Foreign Corrupt Practices Act & How it May Affect Your Hotel

By Matthew Grosack Associate, DLA Piper | September 15, 2013

As an increasingly globalized and interconnected world economy continues to emerge and as United States ("U.S.") companies continue to expand abroad, what constitutes legally acceptable business practices in the U.S. is often in direct conflict with incongruent foreign business practices and customs. These issues are especially prominent when they concern dealings between U.S. companies operating abroad and foreign officials who act as the gatekeepers to market entrance. Another complexity to this paradigm is the U.S. government's increasing reliance on the Foreign Corrupt Practices Act ("FCPA") as a means to combat bribery, global corruption and impose unitary accounting standards on U.S. companies operating abroad.
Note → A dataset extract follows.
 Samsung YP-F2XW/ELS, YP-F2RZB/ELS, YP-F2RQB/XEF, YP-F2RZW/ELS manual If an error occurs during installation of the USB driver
Given these complexities, the question then becomes what is a multinational hotel company supposed to do when foreign officials are open and even welcome bribery as an acceptable facet of business or in a country where gift giving, even to foreign officials, is culturally acceptable and expected? The easiest answer is that understanding the complexities of FCPA restrictions and the particular nuances applicable to the hospitality industry is a prerequisite to avoiding substantial penalties (both monetary and criminal) and successfully (and legally) competing abroad.

An Overview of the FCPA

The FCPA was enacted with the goal of curbing the spread of bribery and corrupt practices in foreign countries and prohibits the payment of anything of value to a foreign official with a corrupt intent to influence the official in the exercise of his or her official duties to assist the payor in obtaining or retaining business. The government must prove the five (5) following elements to establish an FCPA violation:

  1. a payment, offer, or promise to pay money or anything of value;
  2. to a foreign governmental official or others with the knowledge that it will be passed onto a foreign official;
  3. with a corrupt motive;
  4. for the purpose of influencing any act or decision, inducting one to act in violation of his lawful duties, securing an improper advantage, or inducing such person to use his influence to affect a decision;
  5. in order to assist in or retaining business.
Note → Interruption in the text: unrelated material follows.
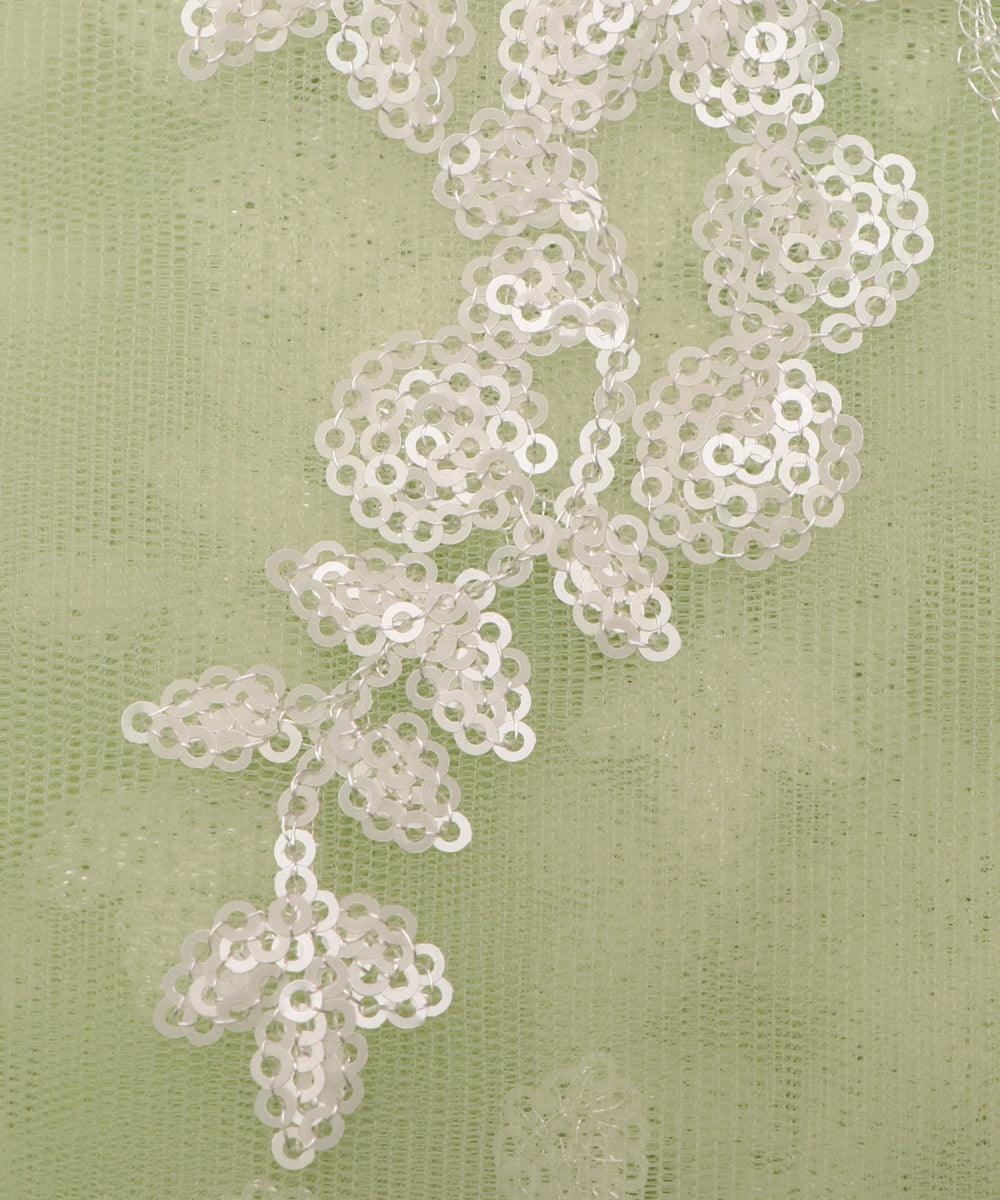 light green colour floral net sequin embroidery fabric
The FCPA applies broadly to persons and/or companies that: (a) maintain some formal tie to the United States, or (b) commits an act in the United States which furthers a violation. This includes all companies doing business in the U.S. or listed on a U.S. stock exchange and their employees, all U.S. citizens and nationals, all non-U.S. nationals who perform acts in the U.S., as well as others. In short, if a person or company has even a peripheral connection to the U.S. and has contacts with foreign officials, the FCPA applies.

Regulators construe the definitions of the FCPA broadly. For example, the definition of "payment" is broad enough to cover any type of benefit that is conferred on a person or representative that is in a position to affect a company's business relationship with a foreign government. Likewise, there is no value threshold as to what constitutes "value" under the FCPA, meaning that even the most miniscule gift or payment can be construed as a bribe and result in a violation. Further, "value" under the FCPA is construed broadly to include non-monetary (or non-cash) benefits such as travel, entertainment, or meals.